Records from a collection
▼
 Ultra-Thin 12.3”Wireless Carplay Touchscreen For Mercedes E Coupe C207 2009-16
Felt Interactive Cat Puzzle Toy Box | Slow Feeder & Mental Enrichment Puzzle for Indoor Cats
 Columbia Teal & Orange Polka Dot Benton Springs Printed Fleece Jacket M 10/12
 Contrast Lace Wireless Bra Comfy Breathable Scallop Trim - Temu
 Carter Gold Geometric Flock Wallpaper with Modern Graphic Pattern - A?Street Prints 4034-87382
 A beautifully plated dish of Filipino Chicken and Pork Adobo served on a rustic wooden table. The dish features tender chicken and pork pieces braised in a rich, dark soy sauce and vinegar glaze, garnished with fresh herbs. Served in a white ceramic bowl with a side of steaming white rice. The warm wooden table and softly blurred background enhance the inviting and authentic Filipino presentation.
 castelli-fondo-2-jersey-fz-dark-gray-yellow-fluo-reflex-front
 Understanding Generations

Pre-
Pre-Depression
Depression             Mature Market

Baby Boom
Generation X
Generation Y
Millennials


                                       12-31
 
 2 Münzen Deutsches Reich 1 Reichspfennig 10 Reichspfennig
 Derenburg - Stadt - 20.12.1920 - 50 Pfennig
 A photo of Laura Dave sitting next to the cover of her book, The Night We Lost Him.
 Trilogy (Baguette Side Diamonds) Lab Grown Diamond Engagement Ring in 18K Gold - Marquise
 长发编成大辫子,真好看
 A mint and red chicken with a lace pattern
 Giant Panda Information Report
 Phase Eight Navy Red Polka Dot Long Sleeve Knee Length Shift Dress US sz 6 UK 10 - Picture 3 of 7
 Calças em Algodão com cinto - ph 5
▲
**Work to be completed:**
Every line above should be printed again exactly as it stands.

**Task solution:**
 Ultra-Thin 12.3”Wireless Carplay Touchscreen For Mercedes E Coupe C207 2009-16
Felt Interactive Cat Puzzle Toy Box | Slow Feeder & Mental Enrichment Puzzle for Indoor Cats
 Columbia Teal & Orange Polka Dot Benton Springs Printed Fleece Jacket M 10/12
 Contrast Lace Wireless Bra Comfy Breathable Scallop Trim - Temu
 Carter Gold Geometric Flock Wallpaper with Modern Graphic Pattern - A?Street Prints 4034-87382
 A beautifully plated dish of Filipino Chicken and Pork Adobo served on a rustic wooden table. The dish features tender chicken and pork pieces braised in a rich, dark soy sauce and vinegar glaze, garnished with fresh herbs. Served in a white ceramic bowl with a side of steaming white rice. The warm wooden table and softly blurred background enhance the inviting and authentic Filipino presentation.
 castelli-fondo-2-jersey-fz-dark-gray-yellow-fluo-reflex-front
 Understanding Generations

Pre-
Pre-Depression
Depression             Mature Market

Baby Boom
Generation X
Generation Y
Millennials


                                       12-31
 
 2 Münzen Deutsches Reich 1 Reichspfennig 10 Reichspfennig
 Derenburg - Stadt - 20.12.1920 - 50 Pfennig
 A photo of Laura Dave sitting next to the cover of her book, The Night We Lost Him.
 Trilogy (Baguette Side Diamonds) Lab Grown Diamond Engagement Ring in 18K Gold - Marquise
 长发编成大辫子,真好看
 A mint and red chicken with a lace pattern
 Giant Panda Information Report
 Phase Eight Navy Red Polka Dot Long Sleeve Knee Length Shift Dress US sz 6 UK 10 - Picture 3 of 7
 Calças em Algodão com cinto - ph 5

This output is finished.